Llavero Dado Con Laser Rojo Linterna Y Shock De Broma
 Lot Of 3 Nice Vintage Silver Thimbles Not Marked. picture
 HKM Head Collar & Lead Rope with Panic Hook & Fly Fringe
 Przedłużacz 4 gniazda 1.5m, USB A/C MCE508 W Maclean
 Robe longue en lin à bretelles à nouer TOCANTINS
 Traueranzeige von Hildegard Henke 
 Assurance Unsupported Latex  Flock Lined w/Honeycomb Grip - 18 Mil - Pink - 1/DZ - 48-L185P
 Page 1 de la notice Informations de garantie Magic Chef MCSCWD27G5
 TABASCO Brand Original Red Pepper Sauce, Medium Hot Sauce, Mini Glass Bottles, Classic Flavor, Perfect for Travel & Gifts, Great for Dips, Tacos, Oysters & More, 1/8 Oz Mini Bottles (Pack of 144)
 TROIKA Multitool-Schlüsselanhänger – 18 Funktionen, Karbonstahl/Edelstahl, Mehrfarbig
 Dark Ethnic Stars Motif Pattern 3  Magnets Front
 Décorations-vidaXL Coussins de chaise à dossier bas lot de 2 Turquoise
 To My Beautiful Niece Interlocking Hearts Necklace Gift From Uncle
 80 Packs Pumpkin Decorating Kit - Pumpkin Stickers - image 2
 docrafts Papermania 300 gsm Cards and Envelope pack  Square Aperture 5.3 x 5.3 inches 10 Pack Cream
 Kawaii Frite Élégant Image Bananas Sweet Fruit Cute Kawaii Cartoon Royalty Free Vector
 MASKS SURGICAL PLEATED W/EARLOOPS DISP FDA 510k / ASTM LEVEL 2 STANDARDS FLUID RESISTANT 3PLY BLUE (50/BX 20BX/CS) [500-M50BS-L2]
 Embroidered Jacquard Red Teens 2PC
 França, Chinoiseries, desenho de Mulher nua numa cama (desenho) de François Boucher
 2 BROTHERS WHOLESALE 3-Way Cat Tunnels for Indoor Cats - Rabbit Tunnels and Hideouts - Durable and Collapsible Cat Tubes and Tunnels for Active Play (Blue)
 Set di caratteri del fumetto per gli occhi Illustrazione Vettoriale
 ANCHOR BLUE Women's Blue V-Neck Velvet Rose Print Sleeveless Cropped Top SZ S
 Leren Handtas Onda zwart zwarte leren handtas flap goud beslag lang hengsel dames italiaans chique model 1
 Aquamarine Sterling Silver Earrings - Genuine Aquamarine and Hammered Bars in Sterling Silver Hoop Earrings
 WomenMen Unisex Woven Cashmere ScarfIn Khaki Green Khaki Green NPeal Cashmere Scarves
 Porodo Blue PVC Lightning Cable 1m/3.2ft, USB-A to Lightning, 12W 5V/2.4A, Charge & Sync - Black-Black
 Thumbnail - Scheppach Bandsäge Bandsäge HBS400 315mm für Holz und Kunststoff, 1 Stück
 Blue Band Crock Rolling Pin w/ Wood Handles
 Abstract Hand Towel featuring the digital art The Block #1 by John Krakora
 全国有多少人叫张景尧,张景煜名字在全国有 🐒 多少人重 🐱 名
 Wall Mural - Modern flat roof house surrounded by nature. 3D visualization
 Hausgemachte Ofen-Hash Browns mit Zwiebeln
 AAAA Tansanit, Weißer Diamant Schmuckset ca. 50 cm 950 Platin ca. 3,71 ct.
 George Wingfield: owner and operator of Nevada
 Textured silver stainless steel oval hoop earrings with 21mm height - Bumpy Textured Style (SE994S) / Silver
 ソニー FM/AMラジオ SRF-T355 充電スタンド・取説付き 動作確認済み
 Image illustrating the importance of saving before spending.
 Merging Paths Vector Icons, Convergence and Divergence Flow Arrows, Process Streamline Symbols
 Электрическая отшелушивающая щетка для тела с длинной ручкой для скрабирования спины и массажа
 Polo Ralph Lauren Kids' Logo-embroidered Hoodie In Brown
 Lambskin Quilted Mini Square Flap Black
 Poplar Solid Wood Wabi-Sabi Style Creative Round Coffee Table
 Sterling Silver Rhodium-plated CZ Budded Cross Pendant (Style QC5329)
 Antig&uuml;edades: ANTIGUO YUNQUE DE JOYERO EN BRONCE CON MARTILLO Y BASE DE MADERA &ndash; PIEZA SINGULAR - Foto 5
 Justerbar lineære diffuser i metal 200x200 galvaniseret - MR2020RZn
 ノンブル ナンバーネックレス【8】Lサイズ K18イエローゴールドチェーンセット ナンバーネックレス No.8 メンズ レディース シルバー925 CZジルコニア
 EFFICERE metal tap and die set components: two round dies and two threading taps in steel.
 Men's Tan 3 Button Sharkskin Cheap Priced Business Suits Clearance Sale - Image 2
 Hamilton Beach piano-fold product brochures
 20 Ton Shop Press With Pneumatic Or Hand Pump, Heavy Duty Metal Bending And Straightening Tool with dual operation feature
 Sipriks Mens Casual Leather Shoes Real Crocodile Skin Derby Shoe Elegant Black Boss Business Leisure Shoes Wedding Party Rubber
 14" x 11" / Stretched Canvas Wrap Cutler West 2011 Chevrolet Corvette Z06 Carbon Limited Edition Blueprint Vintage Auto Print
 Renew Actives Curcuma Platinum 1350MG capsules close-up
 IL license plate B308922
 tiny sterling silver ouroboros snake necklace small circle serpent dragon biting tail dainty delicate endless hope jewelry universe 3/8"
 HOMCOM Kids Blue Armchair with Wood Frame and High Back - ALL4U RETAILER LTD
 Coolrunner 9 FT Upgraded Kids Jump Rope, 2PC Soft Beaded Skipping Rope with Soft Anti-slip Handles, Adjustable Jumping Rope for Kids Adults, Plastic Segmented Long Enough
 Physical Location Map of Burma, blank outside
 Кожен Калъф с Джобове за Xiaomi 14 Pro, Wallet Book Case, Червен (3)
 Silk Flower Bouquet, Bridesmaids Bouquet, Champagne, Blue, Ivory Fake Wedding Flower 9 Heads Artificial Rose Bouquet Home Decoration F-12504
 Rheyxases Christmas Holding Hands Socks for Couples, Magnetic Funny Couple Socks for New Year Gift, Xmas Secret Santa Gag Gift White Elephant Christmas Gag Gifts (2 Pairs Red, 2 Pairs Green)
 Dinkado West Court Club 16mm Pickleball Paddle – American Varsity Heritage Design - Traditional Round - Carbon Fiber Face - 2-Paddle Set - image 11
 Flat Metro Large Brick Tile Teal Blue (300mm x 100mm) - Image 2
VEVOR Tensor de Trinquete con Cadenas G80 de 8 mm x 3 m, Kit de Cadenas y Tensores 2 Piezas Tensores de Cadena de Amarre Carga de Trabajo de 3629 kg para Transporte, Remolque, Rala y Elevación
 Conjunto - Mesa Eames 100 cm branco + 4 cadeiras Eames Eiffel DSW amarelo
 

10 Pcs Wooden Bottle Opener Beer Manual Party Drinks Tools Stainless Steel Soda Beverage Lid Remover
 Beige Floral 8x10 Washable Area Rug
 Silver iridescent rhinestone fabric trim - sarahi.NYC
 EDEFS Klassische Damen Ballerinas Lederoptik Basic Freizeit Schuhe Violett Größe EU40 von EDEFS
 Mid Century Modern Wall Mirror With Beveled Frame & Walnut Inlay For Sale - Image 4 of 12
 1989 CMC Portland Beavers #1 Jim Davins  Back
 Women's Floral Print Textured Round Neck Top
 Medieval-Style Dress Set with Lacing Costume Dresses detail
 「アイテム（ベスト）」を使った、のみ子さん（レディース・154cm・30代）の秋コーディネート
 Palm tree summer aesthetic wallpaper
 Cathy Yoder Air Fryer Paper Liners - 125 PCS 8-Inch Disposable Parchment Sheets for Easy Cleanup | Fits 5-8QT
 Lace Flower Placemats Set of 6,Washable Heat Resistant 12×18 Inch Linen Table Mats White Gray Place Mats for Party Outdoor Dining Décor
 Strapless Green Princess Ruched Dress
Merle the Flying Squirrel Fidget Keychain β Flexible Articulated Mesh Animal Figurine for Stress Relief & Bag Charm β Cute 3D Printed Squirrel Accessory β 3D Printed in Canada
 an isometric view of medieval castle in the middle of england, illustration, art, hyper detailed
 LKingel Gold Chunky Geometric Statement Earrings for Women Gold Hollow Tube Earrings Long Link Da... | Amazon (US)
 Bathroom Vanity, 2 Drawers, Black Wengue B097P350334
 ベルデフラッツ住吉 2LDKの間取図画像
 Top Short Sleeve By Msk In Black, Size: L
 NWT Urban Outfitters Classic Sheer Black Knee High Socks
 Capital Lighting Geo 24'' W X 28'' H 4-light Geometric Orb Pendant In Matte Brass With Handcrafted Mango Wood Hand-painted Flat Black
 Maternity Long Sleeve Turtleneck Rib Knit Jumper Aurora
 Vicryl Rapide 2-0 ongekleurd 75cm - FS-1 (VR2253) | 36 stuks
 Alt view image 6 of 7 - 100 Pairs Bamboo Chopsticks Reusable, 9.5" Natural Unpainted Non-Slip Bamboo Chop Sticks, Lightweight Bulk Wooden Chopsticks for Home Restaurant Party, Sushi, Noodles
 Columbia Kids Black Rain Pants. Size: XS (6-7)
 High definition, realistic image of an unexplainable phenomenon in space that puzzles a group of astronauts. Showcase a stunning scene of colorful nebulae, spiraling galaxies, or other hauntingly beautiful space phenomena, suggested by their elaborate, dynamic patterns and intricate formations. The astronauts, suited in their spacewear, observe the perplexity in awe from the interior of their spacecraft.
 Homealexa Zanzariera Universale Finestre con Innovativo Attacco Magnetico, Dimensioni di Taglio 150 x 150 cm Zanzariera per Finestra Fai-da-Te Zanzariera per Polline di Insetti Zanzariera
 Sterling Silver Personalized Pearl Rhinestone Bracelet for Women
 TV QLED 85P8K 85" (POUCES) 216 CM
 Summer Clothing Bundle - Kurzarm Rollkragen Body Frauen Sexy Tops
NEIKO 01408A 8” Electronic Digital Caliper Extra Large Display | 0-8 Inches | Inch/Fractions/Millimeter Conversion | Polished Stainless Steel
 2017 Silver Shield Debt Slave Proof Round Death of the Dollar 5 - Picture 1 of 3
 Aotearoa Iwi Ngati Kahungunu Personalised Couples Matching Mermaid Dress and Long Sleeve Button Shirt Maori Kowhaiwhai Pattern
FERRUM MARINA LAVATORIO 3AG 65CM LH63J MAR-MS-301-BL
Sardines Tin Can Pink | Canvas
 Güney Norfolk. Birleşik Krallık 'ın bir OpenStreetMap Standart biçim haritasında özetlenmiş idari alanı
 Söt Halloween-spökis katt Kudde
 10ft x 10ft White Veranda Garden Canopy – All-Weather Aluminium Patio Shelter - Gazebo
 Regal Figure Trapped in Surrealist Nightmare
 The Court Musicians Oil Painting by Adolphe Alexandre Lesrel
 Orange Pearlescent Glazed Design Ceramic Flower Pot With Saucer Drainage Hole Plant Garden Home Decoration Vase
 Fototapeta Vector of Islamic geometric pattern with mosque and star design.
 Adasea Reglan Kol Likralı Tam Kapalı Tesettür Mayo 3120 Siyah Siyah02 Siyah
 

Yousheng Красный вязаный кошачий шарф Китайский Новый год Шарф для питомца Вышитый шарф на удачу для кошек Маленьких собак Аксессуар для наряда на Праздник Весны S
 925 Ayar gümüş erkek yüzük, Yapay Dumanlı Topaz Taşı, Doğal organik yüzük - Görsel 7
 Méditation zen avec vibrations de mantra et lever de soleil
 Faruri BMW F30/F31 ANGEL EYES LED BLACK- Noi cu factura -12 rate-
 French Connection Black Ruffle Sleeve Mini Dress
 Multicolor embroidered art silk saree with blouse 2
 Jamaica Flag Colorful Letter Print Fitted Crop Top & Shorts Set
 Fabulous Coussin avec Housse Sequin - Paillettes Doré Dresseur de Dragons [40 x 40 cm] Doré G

■ ■ ■

(TASK TO CARRY OUT): Return only the number of lines above that include "Button".

(RESULT): 2